Moving Toward Perfection

Moving Toward Perfection

I learned to drive in a car that didn’t have power steering. (Yes, I’m that old.) But that didn’t prepare me for my stint in the Air Force.  I was in a tactical unit, which meant we had to be ready to go anywhere and set up shop on short notice.  So all of our gear was either loaded on trucks or had wheels bolted on them.  And, since we had to be light and lean, we didn’t have a bunch of truck drivers on the team.  All us geeks had to pack and drive our own stuff.  That meant I had to learn drive a truck.  Two and a half tons to be exact.  “Deuce-and-a-Halfs” they were called.  And they didn’t have power steering either.

Without power steering

Now, I’m not a big guy.  About 120lbs at the time.  And messing with electronics doesn’t exactly build upper body strength.  So, as I sat in the driver’s seat and attempted to turn the wheel in preparation for backing out the parking spot, I promptly pulled myself off the seat onto the steering wheel – which hadn’t budged.  Ah, the seat belt! Silly me, I thought. I buckled up, tried again, and accomplished nothing more than severely compressing whatever it was I’d had for breakfast. The motor pool Sergeant, who had amused himself watching my antics, eventually filled me in that it’s a lot easier to steer when the truck is actually moving.  What a difference.  With the truck moving and the engine taking the work of rolling the tires holding up all that weight over the pavement, course correction was a modest increment of required force easily accomplished by a 120lb comms tech. Though, truth be told, I still needed the help of the seat belt.

The takeaway

It’s much easier to be agile when your moving. If you’re trying to write the perfect product spec or business plan you’ll never deliver. Look, no one’s saying to deliver crap, but perfection can’t be attained in isolation.  You can’t know everything about how your product will be expected to perform until it’s released into the wild.  Your customers can’t know all the ways they’re going to use it until the get their hands on it (or their kids get their hands on it) and kick it around a bit. Even if you manage to satisfy your hypercritical self, you’ll fall short of somebody’s expectations.
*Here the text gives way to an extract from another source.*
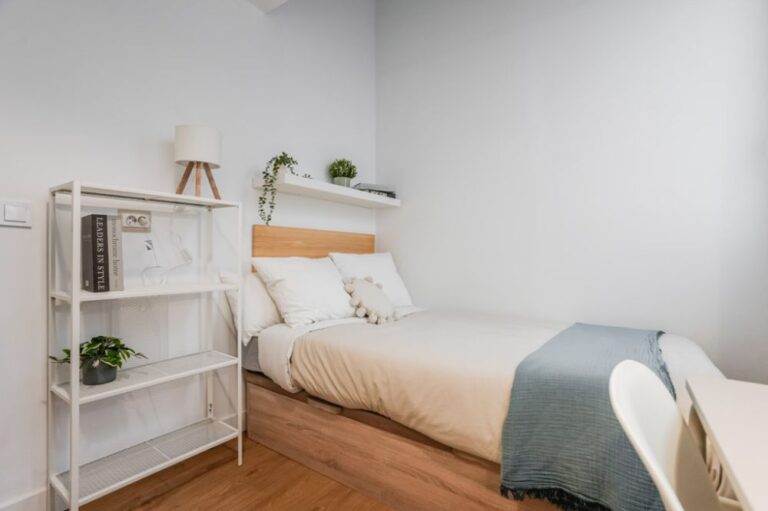 Cosy interior room in Ventura Rodriguez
The startup world has already learned this and turned it into a mantra, or mantras actually.  “Fail fast”, “Iterate often” all speak to the need to get a core offering out there and see where the user base wants to take it.

What could go wrong?

Release a product, get feed back, adjust, rinse and repeat. The hard part, of course, is figuring out what to fix and what to ignore.  Which customers are right, or represent the target market and which ones are niche interests or one-offs.  You still have to do a good job defining your goal.  If not, you’ll end up with ‘feature creep’ or ‘code bloat’. Without a clear target, you may end up with a product that most people think is ok, but no-one is particularly excited about.  More importantly, vet and remember your underlying assumptions.  Any time you wonder if the goal is still valid, recheck those assumptions as well. If the footings have shifted, then adjust. But, if the assumptions still hold, hold the goal as well and make your tradeoff decisions accordingly.

By the way, when your overarching goal is well defined and consistently applied, the process of working through adjustments and tradeoffs will be much quicker.  It’s a lot easier to get where you want to go when you’ve got the way points preloaded in the GPS.  Even if you don’t have power steering.